In the Supreme Court of the United States

RANDLE CURTIS DANIELS, PETITIONER

v.

UNITED STATES OF AMERICA

ON PETITION FOR A WRIT OF CERTIORARI
TO THE UNITED STATES COURT OF APPEALS
FOR THE FIFTH CIRCUIT

BRIEF FOR THE UNITED STATES IN OPPOSITION

THEODORE B. OLSON
Solicitor General
Counsel of Record
MICHAEL CHERTOFF
Assistant Attorney General
NINA GOODMAN
Attorney
Department of Justice
Washington, D.C. 20530-0001
(202) 514-2217

QUESTION PRESENTED

Whether a constructive amendment of petitioner's indictment occurred at trial in this case and required reversal of petitioner's money laundering conviction.

In the Supreme Court of the United States

No. 01-752

RANDLE CURTIS DANIELS, PETITIONER

v.

UNITED STATES OF AMERICA

ON PETITION FOR A WRIT OF CERTIORARI
TO THE UNITED STATES COURT OF APPEALS
FOR THE FIFTH CIRCUIT

BRIEF FOR THE UNITED STATES IN OPPOSITION

OPINION BELOW

The opinion of the court of appeals (Pet. App. A1-A8) is reported at 252 F.3d 411.

JURISDICTION

The judgment of the court of appeals was entered on May 21, 2001. A petition for rehearing was denied on June 15, 2001 (Pet. App. A12-A13). The petition for a writ of certiorari was filed on August 17, 2001. The jurisdiction of this Court is invoked under 28 U.S.C. 1254(1).

STATEMENT

Following a jury trial in the United States District Court for the Northern District of Texas, petitioner was convicted of one count of bank theft, in violation of 18 U.S.C. 2113(b); and one count of money laundering, in violation of 18 U.S.C. 1957. He was sentenced to 30 months' imprisonment. The court of appeals affirmed. Pet. App. A1-A8.

1. In 1995, petitioner received a check for $46,000 from his insurance company to cover the cost of repairs to his house, which had been damaged by a storm. The check was payable jointly to petitioner and Colonial Savings Bank, which held the mortgage on petitioner's house. Petitioner and the bank manager eventually agreed that the bank would pay petitioner $16,000 immediately and would place the remaining $30,000 in a trust account, to be disbursed as needed to pay for the repairs to petitioner's house. Pet. App. A1-A2.

While the $16,000 check was being prepared, petitioner stole a blank, signed bank check from the desk of a bank employee. Petitioner made the bank check out for $29,800 to "cash or Marsha Veach," and directed Veach, who was his girlfriend, to deposit it in her account. Veach deposited the bank check and later wrote a check for $29,500 to Texas Commerce Bank, where petitioner had an account. Pet. App. A2; Gov't C.A. Br. 7-11.

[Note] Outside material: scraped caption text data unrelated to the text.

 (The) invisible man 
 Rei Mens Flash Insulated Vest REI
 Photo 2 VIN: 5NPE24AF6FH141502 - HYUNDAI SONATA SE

2. A federal grand jury returned an indictment charging petitioner with bank theft, in violation of 18 U.S.C. 2113(b) (Count 1), and with engaging in a monetary transaction in property derived from unlawful activity, in violation of 18 U.S.C. 1957 (Count 2). Pet. App. A19-A20. Count 2 alleged that petitioner had "caused the withdrawal in the amount of $29,500 from the account of Marsha Veach." Id. at A20.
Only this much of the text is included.